[Short text fragments from websites]
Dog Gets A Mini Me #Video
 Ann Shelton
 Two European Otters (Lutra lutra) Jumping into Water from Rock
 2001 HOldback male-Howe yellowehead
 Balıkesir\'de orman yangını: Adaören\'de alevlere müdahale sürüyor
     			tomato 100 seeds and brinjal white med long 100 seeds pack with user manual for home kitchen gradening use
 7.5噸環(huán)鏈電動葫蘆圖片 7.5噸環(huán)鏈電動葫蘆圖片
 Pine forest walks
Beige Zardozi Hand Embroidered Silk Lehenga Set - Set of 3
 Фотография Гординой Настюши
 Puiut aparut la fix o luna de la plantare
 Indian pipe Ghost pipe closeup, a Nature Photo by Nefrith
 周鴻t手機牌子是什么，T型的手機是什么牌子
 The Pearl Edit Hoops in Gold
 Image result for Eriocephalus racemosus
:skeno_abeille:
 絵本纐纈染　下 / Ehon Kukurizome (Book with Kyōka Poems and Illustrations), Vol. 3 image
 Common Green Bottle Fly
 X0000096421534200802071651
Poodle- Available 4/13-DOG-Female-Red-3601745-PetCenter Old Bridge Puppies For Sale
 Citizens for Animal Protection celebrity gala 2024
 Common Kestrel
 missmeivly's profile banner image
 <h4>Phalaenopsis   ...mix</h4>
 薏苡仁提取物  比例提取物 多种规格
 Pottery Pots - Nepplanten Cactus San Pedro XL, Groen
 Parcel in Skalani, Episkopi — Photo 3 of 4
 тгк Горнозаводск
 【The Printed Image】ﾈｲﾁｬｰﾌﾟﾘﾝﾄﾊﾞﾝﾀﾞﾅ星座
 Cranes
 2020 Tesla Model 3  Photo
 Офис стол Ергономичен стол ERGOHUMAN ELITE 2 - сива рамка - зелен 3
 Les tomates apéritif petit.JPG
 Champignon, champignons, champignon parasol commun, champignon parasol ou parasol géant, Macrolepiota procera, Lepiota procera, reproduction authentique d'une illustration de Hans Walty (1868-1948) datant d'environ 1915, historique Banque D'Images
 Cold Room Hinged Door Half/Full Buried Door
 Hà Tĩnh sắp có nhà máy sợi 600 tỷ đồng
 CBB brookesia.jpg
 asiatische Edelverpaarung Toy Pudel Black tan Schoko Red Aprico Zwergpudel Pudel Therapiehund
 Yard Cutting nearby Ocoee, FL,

Task description:
Return the entries above exactly, each one complete.

Exercise output:
Dog Gets A Mini Me #Video
 Ann Shelton
 Two European Otters (Lutra lutra) Jumping into Water from Rock
 2001 HOldback male-Howe yellowehead
 Balıkesir\'de orman yangını: Adaören\'de alevlere müdahale sürüyor
     			tomato 100 seeds and brinjal white med long 100 seeds pack with user manual for home kitchen gradening use
 7.5噸環(huán)鏈電動葫蘆圖片 7.5噸環(huán)鏈電動葫蘆圖片
 Pine forest walks
Beige Zardozi Hand Embroidered Silk Lehenga Set - Set of 3
 Фотография Гординой Настюши
 Puiut aparut la fix o luna de la plantare
 Indian pipe Ghost pipe closeup, a Nature Photo by Nefrith
 周鴻t手機牌子是什么，T型的手機是什么牌子
 The Pearl Edit Hoops in Gold
 Image result for Eriocephalus racemosus
:skeno_abeille:
 絵本纐纈染　下 / Ehon Kukurizome (Book with Kyōka Poems and Illustrations), Vol. 3 image
 Common Green Bottle Fly
 X0000096421534200802071651
Poodle- Available 4/13-DOG-Female-Red-3601745-PetCenter Old Bridge Puppies For Sale
 Citizens for Animal Protection celebrity gala 2024
 Common Kestrel
 missmeivly's profile banner image
 <h4>Phalaenopsis   ...mix</h4>
 薏苡仁提取物  比例提取物 多种规格
 Pottery Pots - Nepplanten Cactus San Pedro XL, Groen
 Parcel in Skalani, Episkopi — Photo 3 of 4
 тгк Горнозаводск
 【The Printed Image】ﾈｲﾁｬｰﾌﾟﾘﾝﾄﾊﾞﾝﾀﾞﾅ星座
 Cranes
 2020 Tesla Model 3  Photo
 Офис стол Ергономичен стол ERGOHUMAN ELITE 2 - сива рамка - зелен 3
 Les tomates apéritif petit.JPG
 Champignon, champignons, champignon parasol commun, champignon parasol ou parasol géant, Macrolepiota procera, Lepiota procera, reproduction authentique d'une illustration de Hans Walty (1868-1948) datant d'environ 1915, historique Banque D'Images
 Cold Room Hinged Door Half/Full Buried Door
 Hà Tĩnh sắp có nhà máy sợi 600 tỷ đồng
 CBB brookesia.jpg
 asiatische Edelverpaarung Toy Pudel Black tan Schoko Red Aprico Zwergpudel Pudel Therapiehund
 Yard Cutting nearby Ocoee, FL,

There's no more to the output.